Create your own 168TB SSD (more or less)
actually the map Apex X21 is nothing more than a motherboard where install M.2 SSD which plugs into a PCIe 4.0 x16 slot. This card is intended for photography and video editing professionals. Such segments require large storage capacities and read/write speeds.
This expansion card has a total of 21 slots for M.2 PCIe 4.0 SSD. Drives with a PCIe 5.0 interface were not supported due to their scarcity and absurdly expensive drives. Allows this device to 168 TB maximum capacity (with Corsair MP400 8TB drives) and read and write speed up to 31 GB/s.
This expansion card is characterized by a length 274.2 mm long, which is enough. The card, according to Apex Storage, pcb combination to compose this Apex X21, sandwiched. It is designed to accommodate up to 21 SSD hard drives in M.2 format. It has not been revealed which controller it uses, but it will be a custom solution.
He has a sandwich design, as we said, being two independent PCBs and held by two specific communication connectors. We find 10 M.2 drives in the internal area, therefore, to say. While in the outdoor space we have others 11 M.2 slots. The controller, on the other hand, has a large passive central heatsink.
Drives on the outside may have normal thermal issues for M.2 drives. But the internal They are the ones who will suffer the most. thermal stress,
Ideal for burning SSD drives
According to the manufacturer, a air flow close to 700 m3/h. To give us an idea, the fanss 120 mm Noctua i.e. approximately 100 m3/h.

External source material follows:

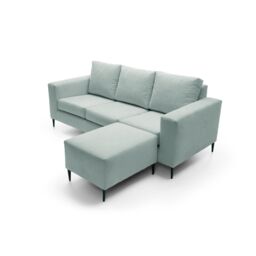Abakus Direct Capri Reversible Corner Sofa in Pistachio in Pale Green - thumbnail 5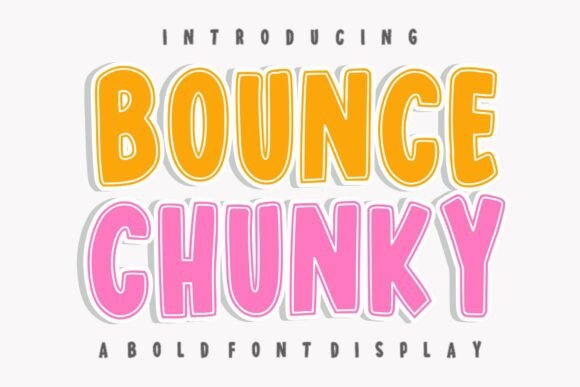 Why Bounce Chunky Is the Perfect Display Font for Modern Editorial Design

Note that it has two power connectors on the back of the PCB, which affects airflow.
Considering the configuration and the data, this seems like a solution that is not recommended at all. It requires an airflow more typical of servers than home computers. Also, this card is one PCI slot thick, so it’s hard to get good airflow.
Any professional, before using this solution, better to use a NAS or any similar better cooled slicer board. If massive use is made, the days of SSDs are really numbered, and they will be few.
Unfortunately, Apex Storage did not give a price or release date for this X21 card.